5. Wijgerde, M., Grosveld, F. & Fraser, P. (1995) Transcription complex stability and chromatin dynamics in vivo. Nature 377, 209‐213.
6. Philonenko, E. S., Klochkov, D. B., Borunova, V. V., Gavrilov, A. A., Razin, S. V. & Iarovaia, O. V. (2009) TMEM8 ‐ a nonglobin gene entrapped in the globin web. Nucleic Acids Res 37, 7394‐7406.
7. Bystritskiy, A. A. & Razin, S. V. (2004) Breakpoint clusters: reason or consequence? Crit Rev Eukaryot Gene Expr 14, 65‐ 78.
8. Gromova, II, Thomsen, B. & Razin, S. V. (1995) Different topoisomerase II antitumor drugs direct similar specific longrange fragmentation of an amplified c‐MYC gene locus in living cells and in high‐salt extracted nuclei. Proc Natl Acad Sci U S A 92, 102‐106.
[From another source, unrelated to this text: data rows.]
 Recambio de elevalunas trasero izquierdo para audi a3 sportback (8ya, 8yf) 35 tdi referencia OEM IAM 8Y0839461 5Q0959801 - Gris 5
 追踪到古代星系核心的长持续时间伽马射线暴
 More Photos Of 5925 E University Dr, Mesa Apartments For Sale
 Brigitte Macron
The overall aim of this project is to disclose the basic principles of organization of tissue‐specific active chromatin hubs. In detail, the aims of this project are
I. to characterize the spatial organization of the AML1 gene in lymphoid and erythroid cells
II. to find out if an assembly of short‐lived alternative active chromatin hubs is a general phenomenon in eukaryotic cells
III. to study the possible role of CTCF in formation of active and repressive chromatin loops.
Work programme and methods
The main methods to be used in the project are (i) chromosome conformation capture (3C), (ii) chromatin immunoprecipitation (ChIP), (iii) functional assays based on transient expression of reporter genes in eukaryotic cells, (iv) FISH, immunostaining and confocal microscopy.
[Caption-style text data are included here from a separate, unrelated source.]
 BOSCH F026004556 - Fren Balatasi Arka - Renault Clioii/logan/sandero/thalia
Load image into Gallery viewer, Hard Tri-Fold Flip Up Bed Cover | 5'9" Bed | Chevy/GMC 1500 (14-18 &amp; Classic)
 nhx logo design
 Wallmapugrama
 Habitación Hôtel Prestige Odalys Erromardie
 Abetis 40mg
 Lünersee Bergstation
Titles for dissertations (prospective)
• Characterization of regulatory elements which control expression of human AML1 gene in erythroid and lymphoid cells
• Mapping of transcription factories in chicken chromosome 14
• Visualisation of clusters of CpG islands in the nucleus
• The role of the nucleolus in DNA repair
Relationships/connections within the research training group
Renkawitz: Chromatin remodelling directed by the nuclear lamina
Benefits of the scientific exchange
The laboratories of S.V. Razin and R. Renkawitz (Giessen) work in the same area of research and in many particular fields have complementary methodological experience. This justifies the importance of the collaboration.